You are viewing the RapidMiner Python documentation for version 10.1 - Check here for latest version

Custom operators

On this page we explain how you can embed your Python code into RapidMiner processes even more by creating custom operators using the Python Learner, Python Transformer and Python Forecaster operators. You can then share these custom operators with others who aren't adept Python coders.

The Python Learner operator

With Python Learner, you can create a Python based model that is compatible with RapidMiner's model interfaces. Models created using Python Learner (and custom operators derived from it) can be applied using the Apply Model operator, can be trained using RapidMiner's Cross-Validation operators, can be fine-tuned using Optimize operators, and so on.

When you drag a new Python Learner to the canvas from the Operators panel is RapidMiner Studio, you will get an operator similar to other learners (in operator color and input/output ports). It will also have a few predefined parameters which you can edit. See the list of supported parameter types below.

The operator information panel also shows the capabilities of this Python based learner.

To edit the parameter definitions and capabilities, click the gear icon on the Parameters panel. A JSON editor will appear where you can add and modify these traits. The JSON you write here will be validated and you will get warnings if something isn't correct. If you Apply an incorrect configuration, your input ports will disappear from the operator on the canvas.

To implement a Python learner, you need to define two functions named rm_train and rm_apply. As the name suggests, the first will run when you train a model in your Python Learner operator. The second will run when the model created with Python Learner is being applied with e.g. Apply Model. We advise to study the provided tutorial processes for more hints on how to implement these functions.

The Python Transformer operator

You can think of the Python Transformer as an Execute Python operator with user defined parameters and an arbitrary number of input and output ports.

The name of the operator, its parameters and their types and default values, as well as the input and output ports, are defined by clicking on the gear icon in the operator parameters panel, and editing the JSON definition in the editor that pops up. This is very similar to the one explained above for the Python Learner operator (Transformer doesn't take a list of capabilities, but it requires inputs and outputs). The JSON you write here will be validated and you will get warnings if something isn't correct. If you Apply an incorrect configuration, your input ports will disappear from the operator on the canvas. See the list of supported parameter types below.

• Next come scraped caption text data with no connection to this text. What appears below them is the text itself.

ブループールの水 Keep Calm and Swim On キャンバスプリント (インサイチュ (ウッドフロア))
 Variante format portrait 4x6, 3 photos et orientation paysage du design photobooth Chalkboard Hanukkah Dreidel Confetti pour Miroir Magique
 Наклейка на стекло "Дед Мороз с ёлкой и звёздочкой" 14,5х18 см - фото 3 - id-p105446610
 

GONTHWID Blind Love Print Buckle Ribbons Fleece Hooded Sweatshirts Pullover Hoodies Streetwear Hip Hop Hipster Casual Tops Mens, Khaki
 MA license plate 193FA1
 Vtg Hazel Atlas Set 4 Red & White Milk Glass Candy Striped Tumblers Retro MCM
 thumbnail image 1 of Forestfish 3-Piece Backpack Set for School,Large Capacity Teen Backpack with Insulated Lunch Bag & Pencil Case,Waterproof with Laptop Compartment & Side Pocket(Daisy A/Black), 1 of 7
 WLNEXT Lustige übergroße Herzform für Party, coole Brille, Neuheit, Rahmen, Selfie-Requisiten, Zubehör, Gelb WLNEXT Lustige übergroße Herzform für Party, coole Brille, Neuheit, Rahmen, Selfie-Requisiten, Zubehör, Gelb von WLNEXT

In order for the code to execute as expected, you have to follow the same convention as for Execute Python: your main entry point will be the rm_main function, and the number and order of the function parameters and return values will correspond to the operator's input and output ports.

If you need multiple inputs and outputs for your Python Transformer based custom operator, you have to explicitly define this using the inputs and outputs part of the JSON definition. Users accustomed to Execute Python’s dynamic ports may find this non-intuitive.

The sample parameter configuration and code present when you drag a new Python Transformer to the canvas contains all the above hints.

The Python Forecaster Operator

Note: the Python Forecaster operator is only available from version 9.10.2.

With the Python Forecaster operator, you can create forecast models similarly to RapidMiner Studio's time series operators. It is also compatible with the Apply Forecast operator.

When you drag a new Python Forecaster to the canvas from the Operators panel in RapidMiner Studio, you will get an operator similar to the Python Learner operator (in operator colour and input/output ports). It will also have a few predefined parameters. You can also add extra parameters, inputs and outputs. See the list of supported parameter types and configurable in/output ports below.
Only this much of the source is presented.